La responsabilità della società è in queste tre righe.

La FTC, l’ICO e la Commissione speciale del Parlamento europeo rivolgeranno questa domanda a Zuckerberg o al manager della società che realmente sarà ascoltato. 

Come disabilitare la condivisione dei tuoi dati su Facebook ad app esterne?

 Su Facebook se vuoi fermare la condivisione dei tuoi dati ad app esterne è possibile farlo, disabilitando queste applicazioni non sarà possibile accedere ai rispettivi siti utilizzando come login il proprio profilo Facebook.

Basta cliccare qui Settings Menu > Apps e poi selezionare “modifica” sotto la voce “Applicazioni, siti Web e plugin”. Nella nuova finestra che si visualizzerà cliccando sul tasto “Disabilita piattaforma”, viene impedito l’accesso dei nostri dati su Facebook a siti Web di terzi e alle applicazioni.

Cosa insegna lo scandalo Facebook-Cambridge Analytica?

Lo scoppio del caso Facebook-Cambridge Analytica ha fatto suonare, ovviamente, il campanello d’allarme sulla privacy di tutti noi.

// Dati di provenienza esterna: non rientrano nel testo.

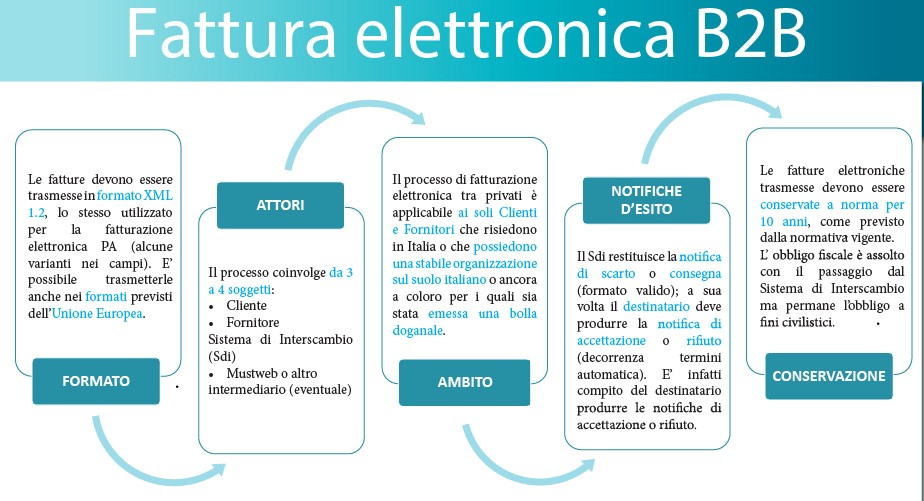 schema processi fatturazione elettronica B2B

I social network e in generale le piattaforme dei giganti del web sanno tutto di noi. Dunque cosa ci insegna questo scandalo? Amministratori delegati, imprenditori, ecc… non devono aver paura delle sanzioni per la violazione delle norme di protezione dei dati e dei costi di gestione dei dati personali, ma devono temere il danno reputazionale, che è il cuore del Regolamento europeo sulla protezione dei dati personali. Il Gdpr, che entrerà pienamente in vigore dal 25 maggio prossimo, ha l’obiettivo di far aumentare la fiducia delle persone nella società digitale. Quindi anche verso i social network. Chi violerà il regolamento europeo sarà sanzionato con multe che possono arrivare fino al 4% del fatturato globale delle società.